= Beginning of Section =

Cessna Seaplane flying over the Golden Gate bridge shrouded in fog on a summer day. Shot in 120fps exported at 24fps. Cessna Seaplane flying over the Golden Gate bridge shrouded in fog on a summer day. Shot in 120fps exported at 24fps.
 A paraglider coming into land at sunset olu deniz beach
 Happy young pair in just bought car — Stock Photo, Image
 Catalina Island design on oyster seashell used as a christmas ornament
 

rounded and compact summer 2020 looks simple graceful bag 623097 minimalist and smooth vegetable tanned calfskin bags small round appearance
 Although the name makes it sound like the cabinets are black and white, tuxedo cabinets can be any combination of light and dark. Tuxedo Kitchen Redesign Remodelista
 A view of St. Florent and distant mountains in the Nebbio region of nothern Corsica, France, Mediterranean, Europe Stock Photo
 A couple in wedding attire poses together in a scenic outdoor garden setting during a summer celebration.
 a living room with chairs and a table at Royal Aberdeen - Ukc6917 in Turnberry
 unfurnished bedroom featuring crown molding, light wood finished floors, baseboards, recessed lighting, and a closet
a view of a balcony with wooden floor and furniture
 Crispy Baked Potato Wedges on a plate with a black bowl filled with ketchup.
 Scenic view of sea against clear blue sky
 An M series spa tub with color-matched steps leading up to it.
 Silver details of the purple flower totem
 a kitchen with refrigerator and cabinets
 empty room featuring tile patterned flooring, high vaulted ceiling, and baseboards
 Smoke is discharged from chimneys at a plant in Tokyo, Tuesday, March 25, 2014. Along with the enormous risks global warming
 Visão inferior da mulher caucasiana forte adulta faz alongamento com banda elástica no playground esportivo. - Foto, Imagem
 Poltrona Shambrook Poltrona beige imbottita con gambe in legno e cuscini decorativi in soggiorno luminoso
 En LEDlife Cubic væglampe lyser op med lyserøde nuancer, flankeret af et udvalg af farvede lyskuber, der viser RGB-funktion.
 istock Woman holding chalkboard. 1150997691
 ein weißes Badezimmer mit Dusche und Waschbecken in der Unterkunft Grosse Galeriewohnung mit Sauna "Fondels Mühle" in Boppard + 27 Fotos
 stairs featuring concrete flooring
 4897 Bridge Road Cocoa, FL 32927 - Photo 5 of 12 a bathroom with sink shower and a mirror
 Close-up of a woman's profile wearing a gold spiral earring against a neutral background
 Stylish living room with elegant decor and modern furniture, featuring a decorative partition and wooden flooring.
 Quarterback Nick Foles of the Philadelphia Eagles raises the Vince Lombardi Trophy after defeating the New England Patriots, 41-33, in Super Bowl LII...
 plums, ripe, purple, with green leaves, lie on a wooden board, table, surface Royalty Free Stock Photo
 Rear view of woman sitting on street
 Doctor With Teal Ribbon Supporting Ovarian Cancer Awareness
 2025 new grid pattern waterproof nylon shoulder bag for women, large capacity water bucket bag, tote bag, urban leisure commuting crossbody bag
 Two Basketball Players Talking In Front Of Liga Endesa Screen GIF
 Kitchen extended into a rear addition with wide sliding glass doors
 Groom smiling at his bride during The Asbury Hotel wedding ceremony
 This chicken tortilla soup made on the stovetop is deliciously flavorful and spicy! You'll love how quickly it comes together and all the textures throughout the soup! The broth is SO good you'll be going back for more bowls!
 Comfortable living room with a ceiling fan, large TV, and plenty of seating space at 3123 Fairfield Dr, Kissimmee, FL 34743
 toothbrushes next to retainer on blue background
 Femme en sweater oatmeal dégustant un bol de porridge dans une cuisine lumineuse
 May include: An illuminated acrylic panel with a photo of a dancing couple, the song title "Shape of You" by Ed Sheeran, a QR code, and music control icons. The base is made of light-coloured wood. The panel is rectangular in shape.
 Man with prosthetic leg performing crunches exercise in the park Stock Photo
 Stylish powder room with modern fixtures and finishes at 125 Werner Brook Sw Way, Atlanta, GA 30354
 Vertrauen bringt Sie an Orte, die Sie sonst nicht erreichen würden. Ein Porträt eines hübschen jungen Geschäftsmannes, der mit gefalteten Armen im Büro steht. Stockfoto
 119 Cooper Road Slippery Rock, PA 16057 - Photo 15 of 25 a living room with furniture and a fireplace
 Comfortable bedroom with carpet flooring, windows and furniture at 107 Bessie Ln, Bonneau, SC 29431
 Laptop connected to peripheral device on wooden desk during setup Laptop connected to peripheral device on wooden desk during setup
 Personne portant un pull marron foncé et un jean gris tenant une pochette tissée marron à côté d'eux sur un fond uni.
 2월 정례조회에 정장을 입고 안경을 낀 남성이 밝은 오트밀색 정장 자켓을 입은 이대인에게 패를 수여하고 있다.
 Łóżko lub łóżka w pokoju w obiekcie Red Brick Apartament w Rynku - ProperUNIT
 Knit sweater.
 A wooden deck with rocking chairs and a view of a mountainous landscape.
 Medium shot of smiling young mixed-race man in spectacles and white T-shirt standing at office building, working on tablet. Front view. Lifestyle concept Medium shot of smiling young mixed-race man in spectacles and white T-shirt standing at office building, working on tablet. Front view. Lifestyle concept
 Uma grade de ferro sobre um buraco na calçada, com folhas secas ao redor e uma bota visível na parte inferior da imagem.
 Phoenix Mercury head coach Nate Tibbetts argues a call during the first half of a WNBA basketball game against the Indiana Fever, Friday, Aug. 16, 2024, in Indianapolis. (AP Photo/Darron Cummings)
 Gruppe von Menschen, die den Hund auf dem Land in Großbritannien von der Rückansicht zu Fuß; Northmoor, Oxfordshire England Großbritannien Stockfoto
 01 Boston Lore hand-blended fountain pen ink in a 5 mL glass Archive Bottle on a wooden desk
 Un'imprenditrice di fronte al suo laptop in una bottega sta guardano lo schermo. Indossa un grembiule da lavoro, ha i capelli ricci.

= End of Section =

Write out each line exactly, beginning at the one with "Uma grade de" and ending at the final line of the records above, with nothing added.

 Uma grade de ferro sobre um buraco na calçada, com folhas secas ao redor e uma bota visível na parte inferior da imagem.
 Phoenix Mercury head coach Nate Tibbetts argues a call during the first half of a WNBA basketball game against the Indiana Fever, Friday, Aug. 16, 2024, in Indianapolis. (AP Photo/Darron Cummings)
 Gruppe von Menschen, die den Hund auf dem Land in Großbritannien von der Rückansicht zu Fuß; Northmoor, Oxfordshire England Großbritannien Stockfoto
 01 Boston Lore hand-blended fountain pen ink in a 5 mL glass Archive Bottle on a wooden desk
 Un'imprenditrice di fronte al suo laptop in una bottega sta guardano lo schermo. Indossa un grembiule da lavoro, ha i capelli ricci.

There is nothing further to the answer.